I've installed an Arai drum brake on our Burley Duet. I've been following the instructions found here, on the Precision Tandems site.
Installation has been smooth and straightforward, so far. But now that the brake is on the hub, and now that the wheel is re-attached to the frame in the rear dropouts, and with the bike currently suspended in a repair stand, I notice a slight amount of drum-brake actuation while the rear wheel is free spinning.
As I turn the pedal and set the rear wheel in motion, the drum brake emits a scraping sound for approximately 180 degrees of each complete turn of the wheel. It is a light sound, but definitely noticeable, the kind of noise that would drive any stoker crazy within 1 minute. The scraping does appear to scrub small amounts of speed from the wheel, but the braking action is not dramatic.

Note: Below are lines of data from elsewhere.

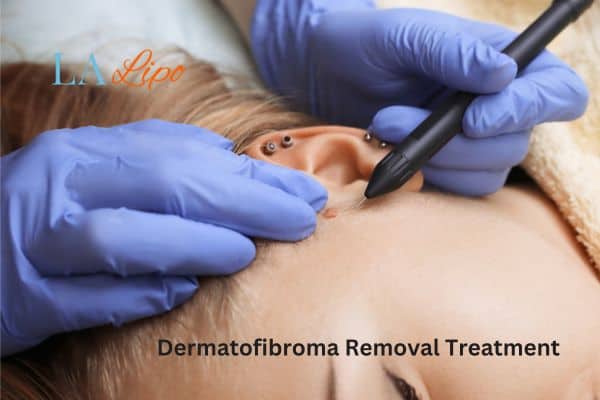 Dermatofibroma Removal Treatment Lewisham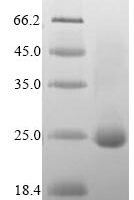 Human Dedicator of cytokinesis protein 8 (DOCK8), partial Recombinant Protein, N-His - BioCrest Sci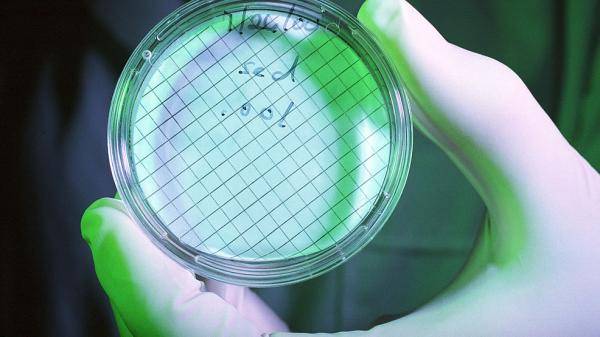 自来水遭致命微型变形虫入侵，这种生物会造成什么影响？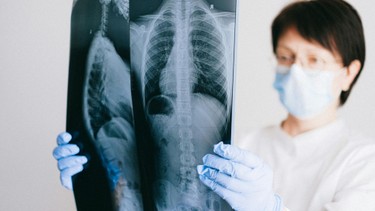 Viêm đường hô hấp dưới là gì? Nguyên nhân, triệu chứng và cách điều trị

The cable has not yet been attached to the brake's lever.
I've moved the actuation lever back and forth with my hand, but there does not appear to be a location in the lever's extent of travel at which the scraping noise stops. There appear to be only two modes: full braking, or nearly-free rotation marred by the 180 degrees of the aforementioned pad-to-drum contact.
The installation instructions are silent on this matter. Only at this step do they appear to contemplate the precision of the fit:
6) Thread or slide on the outer spacers, locknuts or axle ends but do not tighten at this point. Next move and hold the actuation arm in the "brake on" position while tightening the outer locknut or axle end. This step will help the shoes center up by the tolerances available between the backing plate and the axle.
I followed these instructions. Or at least, I believe I did, meaning that I did hold the actuation arm in the "brake on" position while tightening the nut. Did I do it right? Did I do it enough? I can't say.
Perhaps the most telling clue I can find: With the rear wheel on the workbench, I threaded the brake drum onto the hub. No problem. Then I placed the brake-shoe assembly into the drum. No problem there, either. Then, I held the wheel stationary and began to rotate the brake-shoe assembly within the drum. I did not hear any scraping sound, or feel any resistance, but I did notice a slight off-center eccentricity to the orbit of the brake-shoe assembly within the bounds of the drum's inner cavity.
Is this the sort of characteristic that works itself out after a few (hundred) miles? Or the sort of thing that requires the attention of a trained bike mechanic? Or something else?